(MATERIALS PROVIDED)
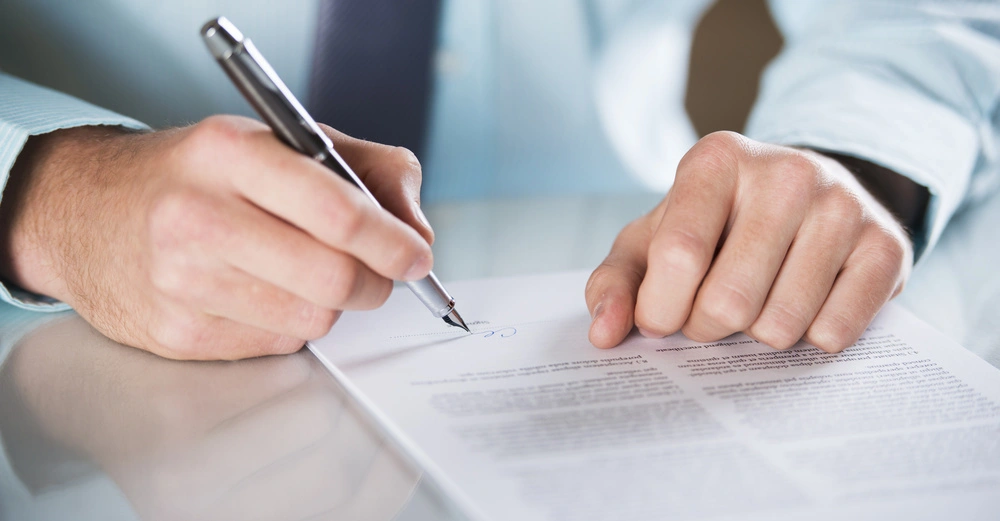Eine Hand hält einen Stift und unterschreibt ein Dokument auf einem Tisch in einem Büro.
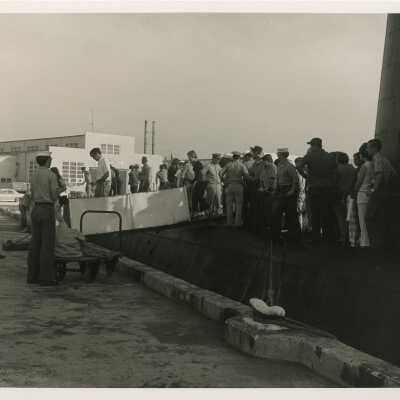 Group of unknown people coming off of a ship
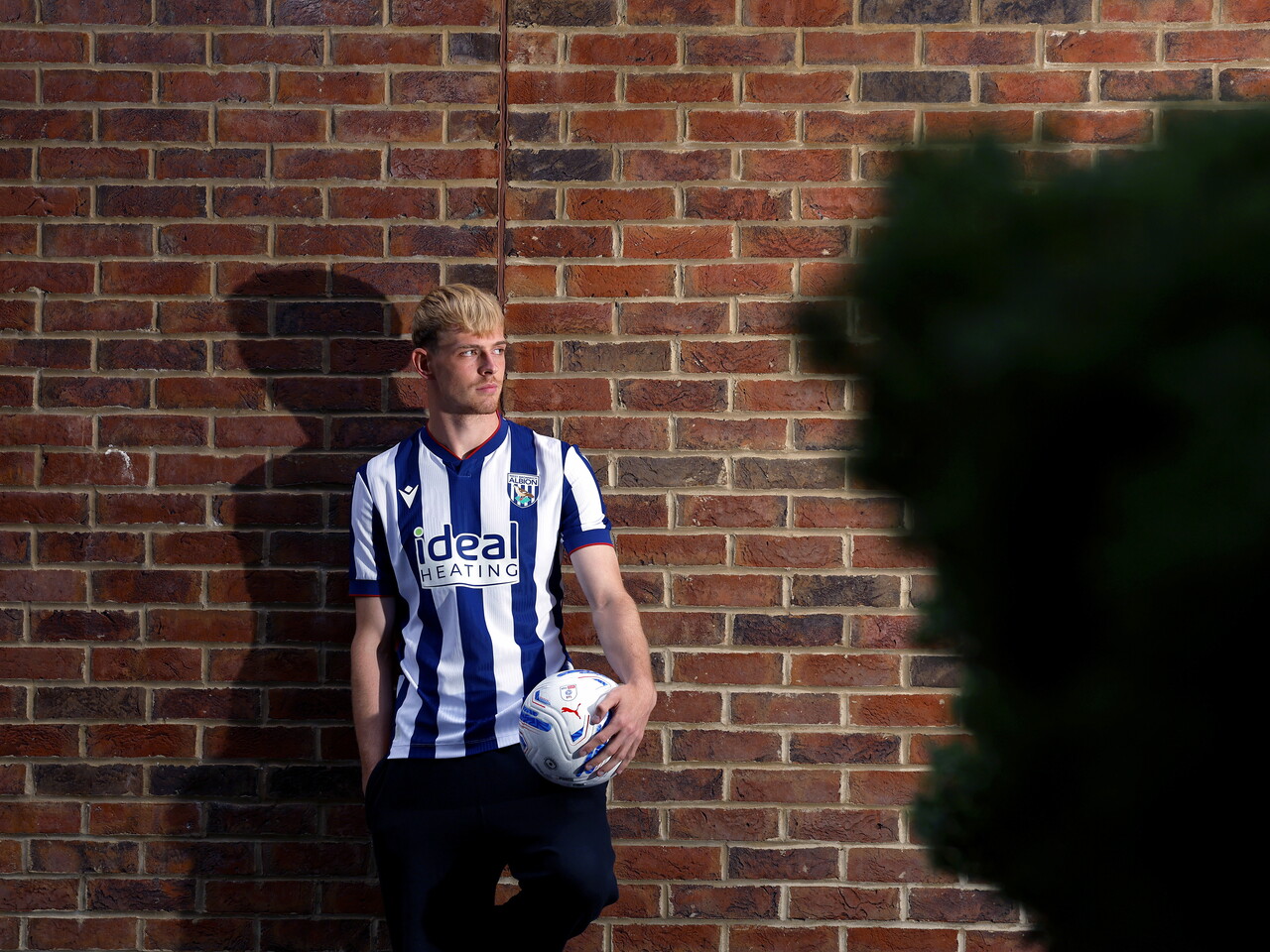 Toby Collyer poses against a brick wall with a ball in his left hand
(End MATERIALS PROVIDED)
(MATERIALS PROVIDED)
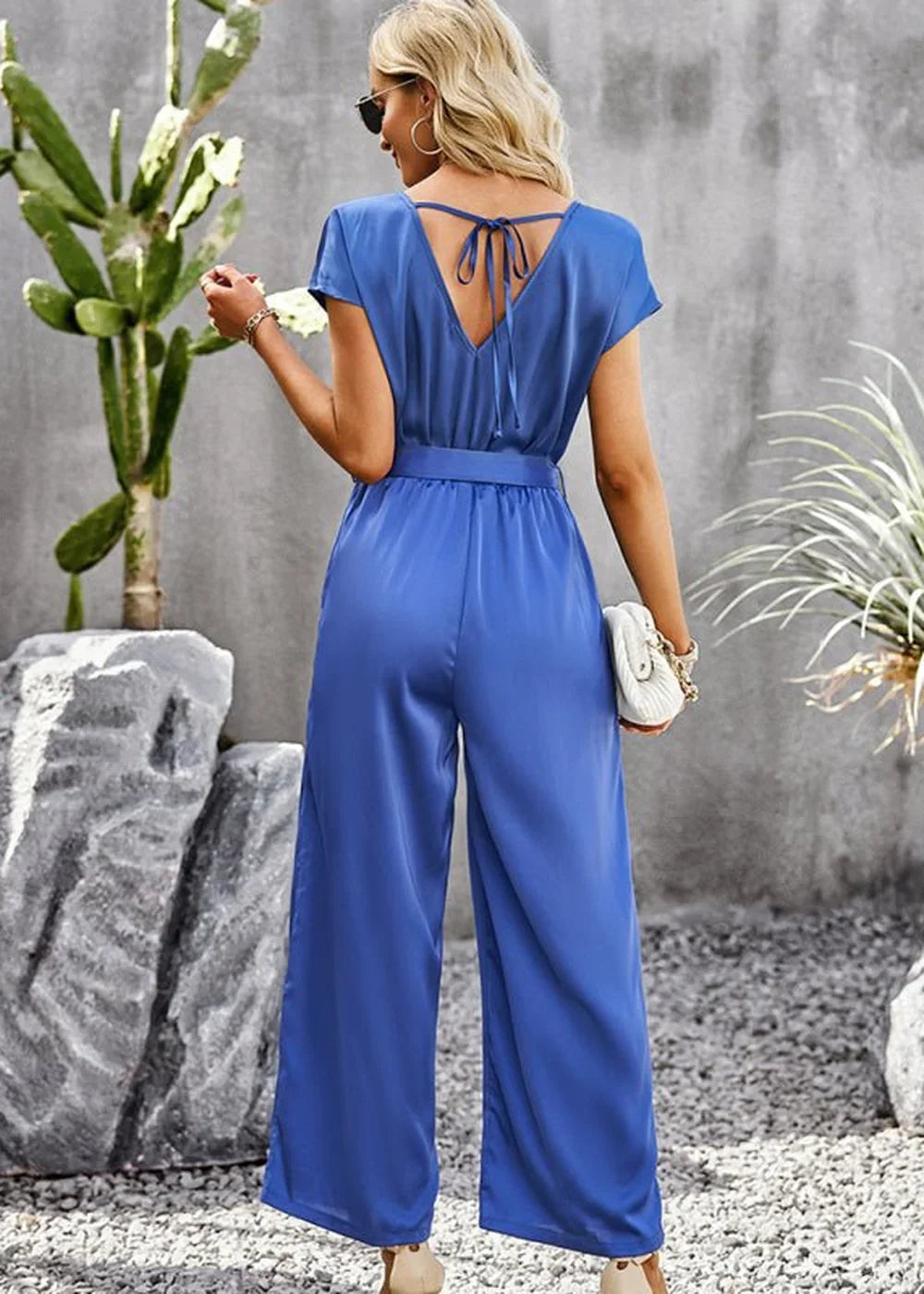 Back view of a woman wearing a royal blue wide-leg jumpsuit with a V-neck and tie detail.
(End MATERIALS PROVIDED)
- WHAT IS REQUIRED:
Excerpt from the records above: set down only the lines from the one that contains "Eine Hand hält" through the one that contains "Toby Collyer poses", inclusive, word for word. Pictures stay out.

- TASK OUTPUT:
Eine Hand hält einen Stift und unterschreibt ein Dokument auf einem Tisch in einem Büro.
 Group of unknown people coming off of a ship
 Toby Collyer poses against a brick wall with a ball in his left hand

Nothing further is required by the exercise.